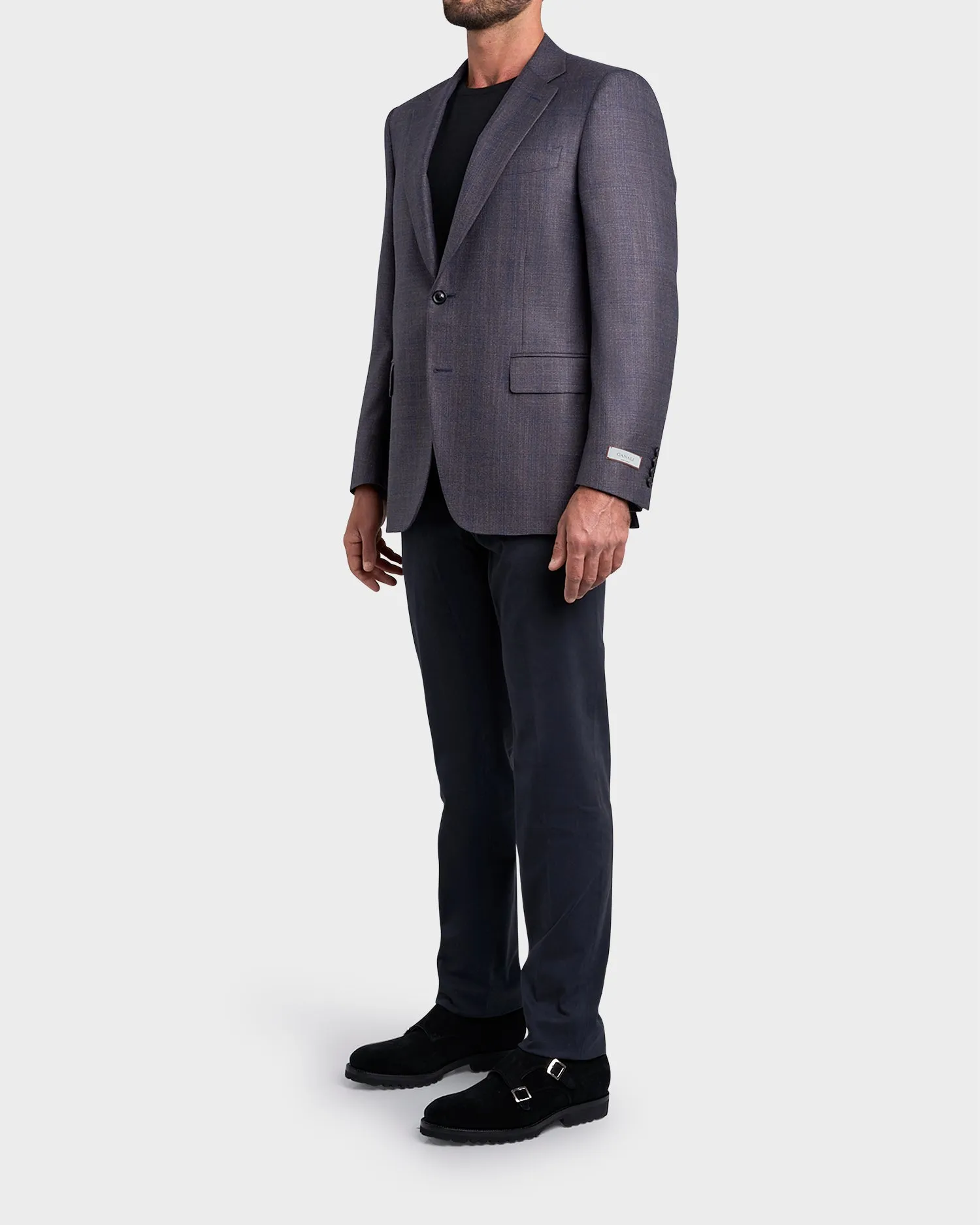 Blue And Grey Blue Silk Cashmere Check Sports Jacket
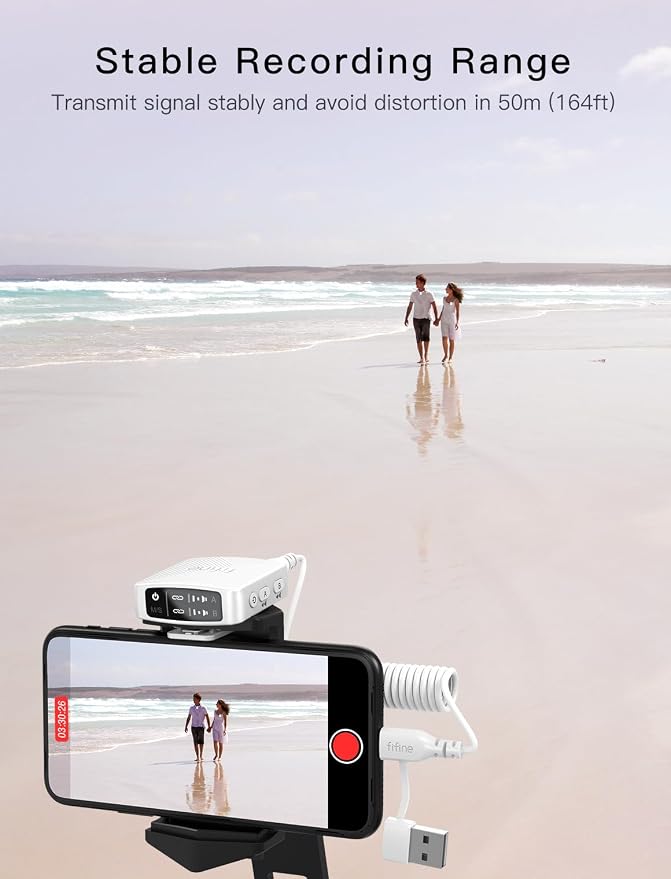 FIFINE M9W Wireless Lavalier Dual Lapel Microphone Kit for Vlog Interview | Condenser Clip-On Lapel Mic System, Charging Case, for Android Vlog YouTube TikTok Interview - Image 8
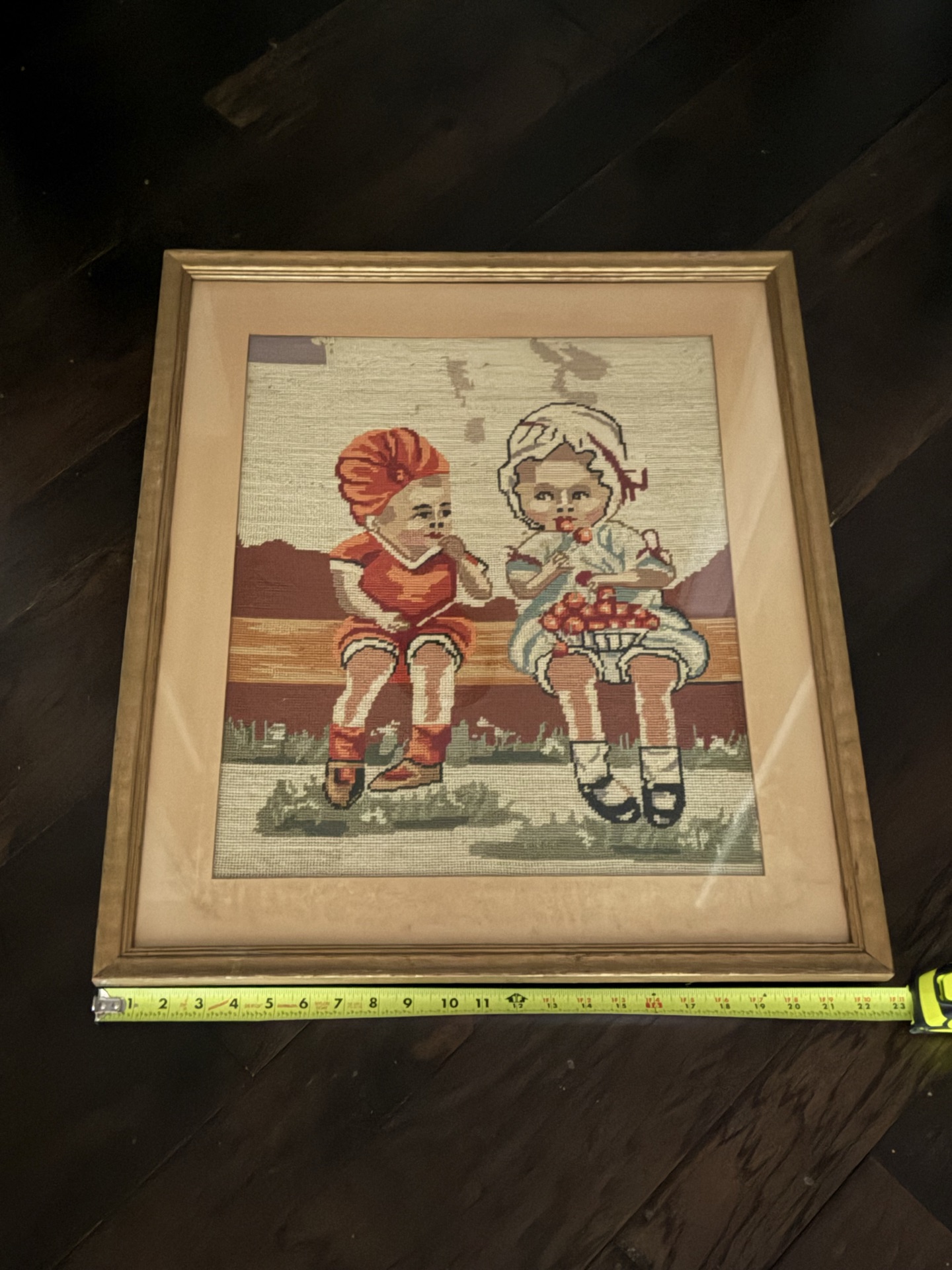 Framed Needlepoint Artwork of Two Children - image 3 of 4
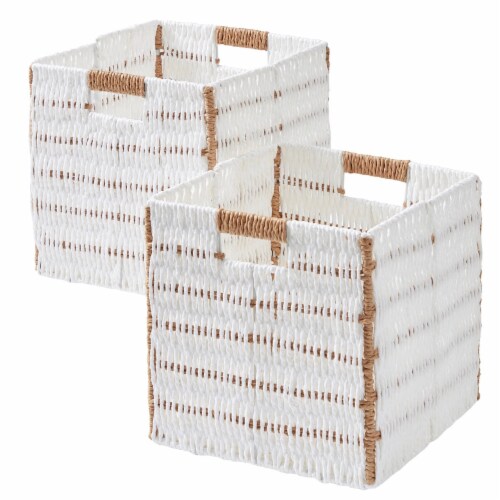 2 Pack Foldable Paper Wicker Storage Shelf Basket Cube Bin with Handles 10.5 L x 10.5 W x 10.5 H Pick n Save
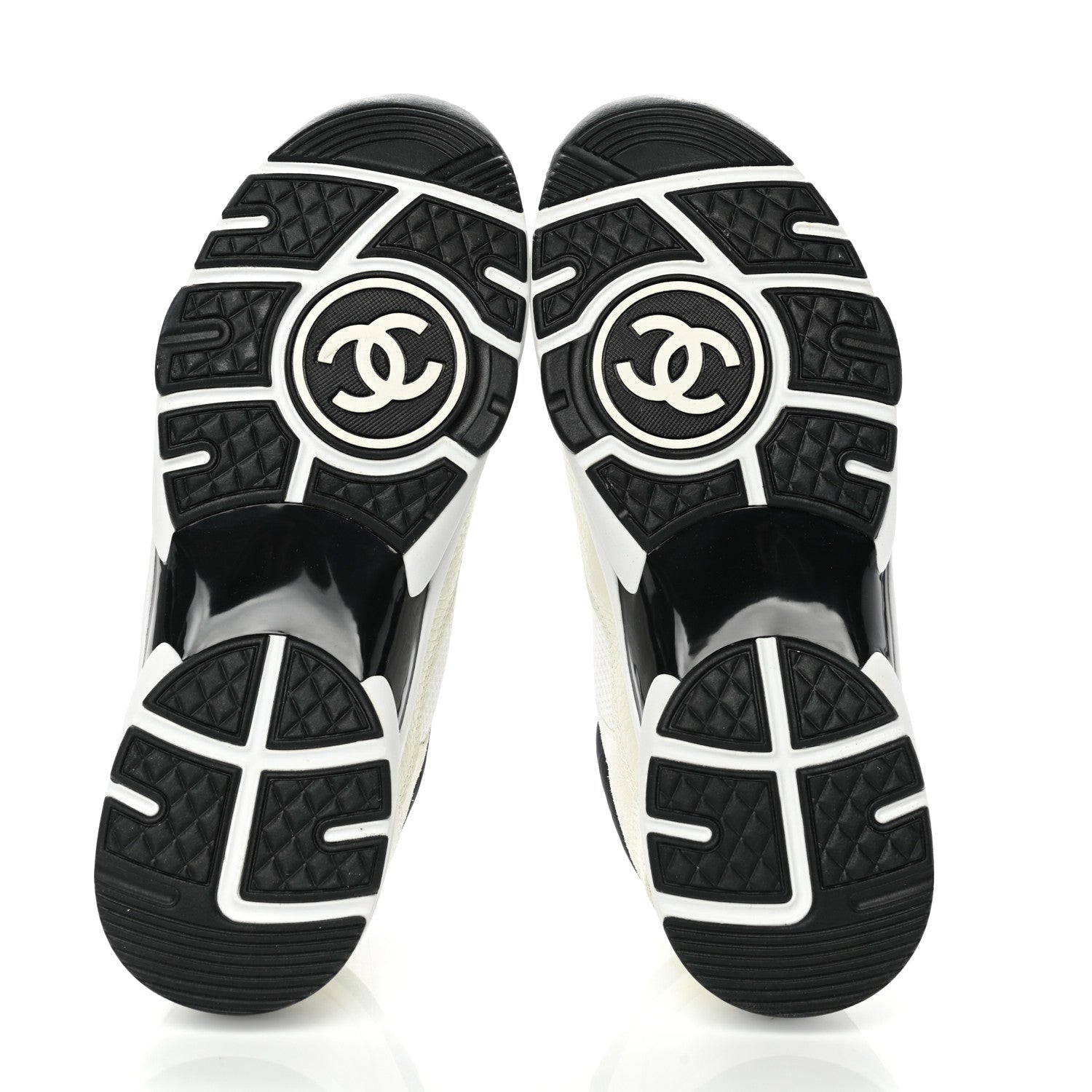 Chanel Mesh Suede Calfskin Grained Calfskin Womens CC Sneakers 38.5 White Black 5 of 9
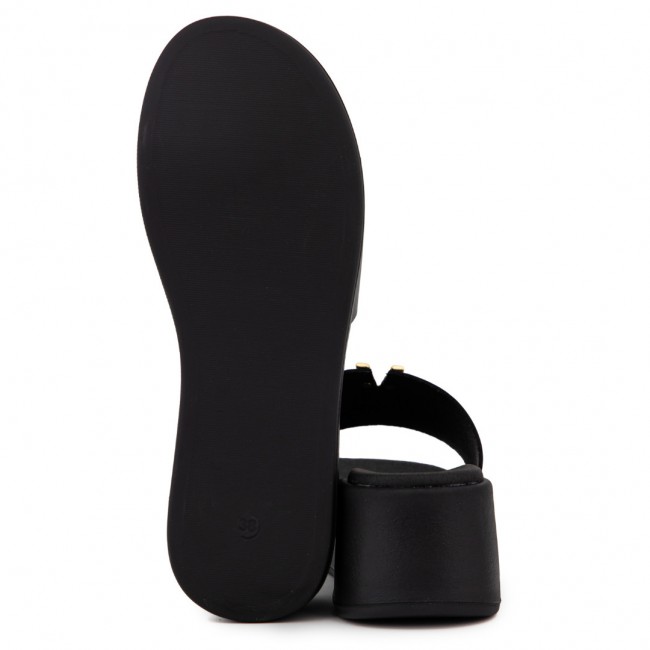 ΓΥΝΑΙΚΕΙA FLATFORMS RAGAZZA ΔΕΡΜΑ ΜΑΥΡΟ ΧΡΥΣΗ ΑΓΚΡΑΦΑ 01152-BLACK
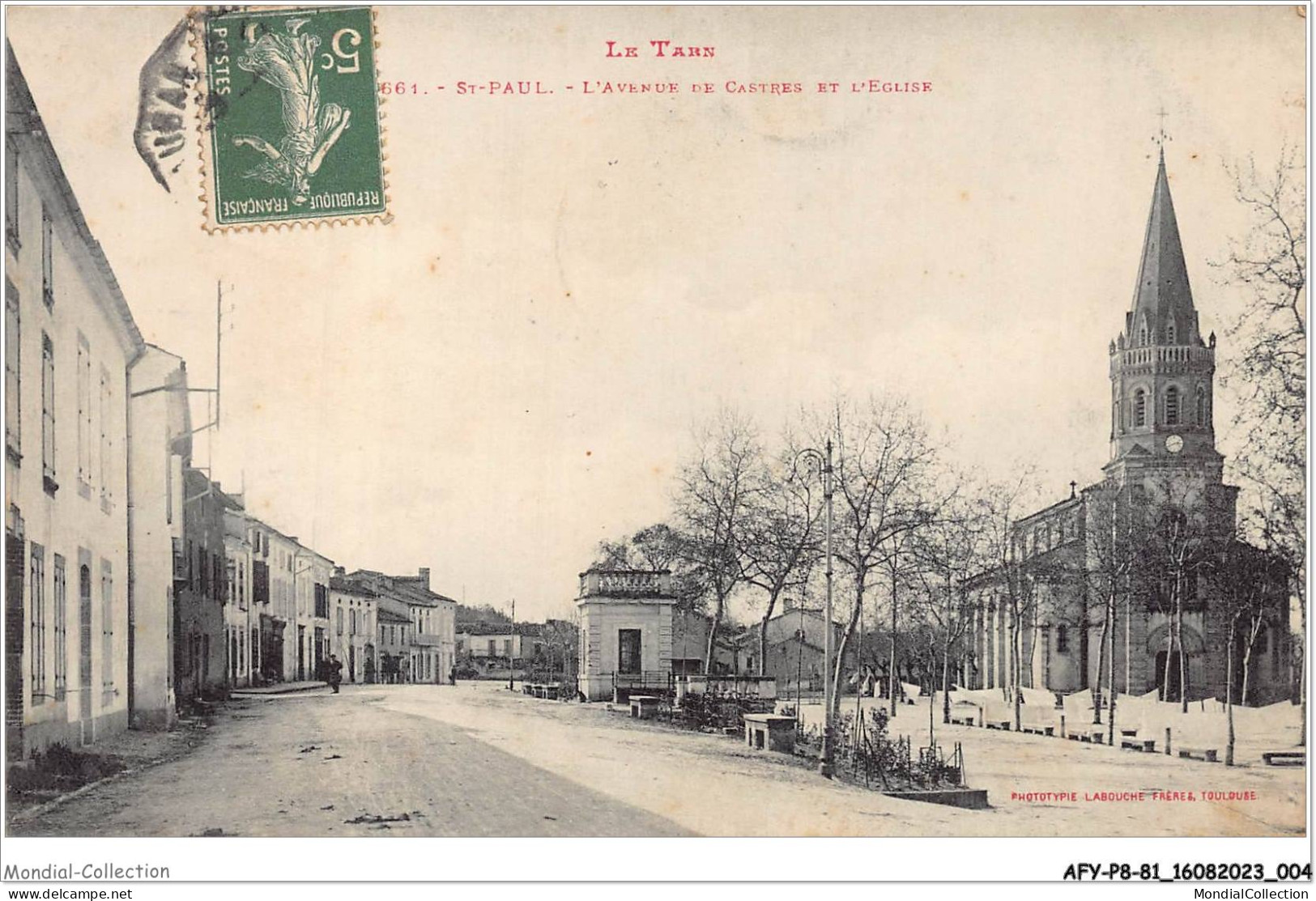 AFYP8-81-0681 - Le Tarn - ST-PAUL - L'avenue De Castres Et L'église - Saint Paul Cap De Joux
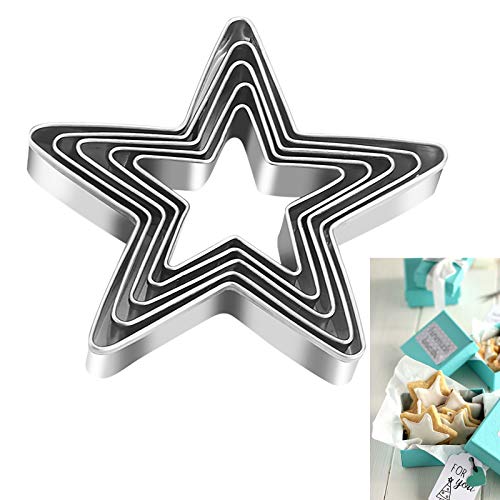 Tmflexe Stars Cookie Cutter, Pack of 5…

## What this task involves
Copy out exactly the lines that begin at the line with "AFYP8-81-0681 - Le" and end at the final line of the entries above. Leave out the pictures.

## Written solution
 AFYP8-81-0681 - Le Tarn - ST-PAUL - L'avenue De Castres Et L'église - Saint Paul Cap De Joux
 Tmflexe Stars Cookie Cutter, Pack of 5…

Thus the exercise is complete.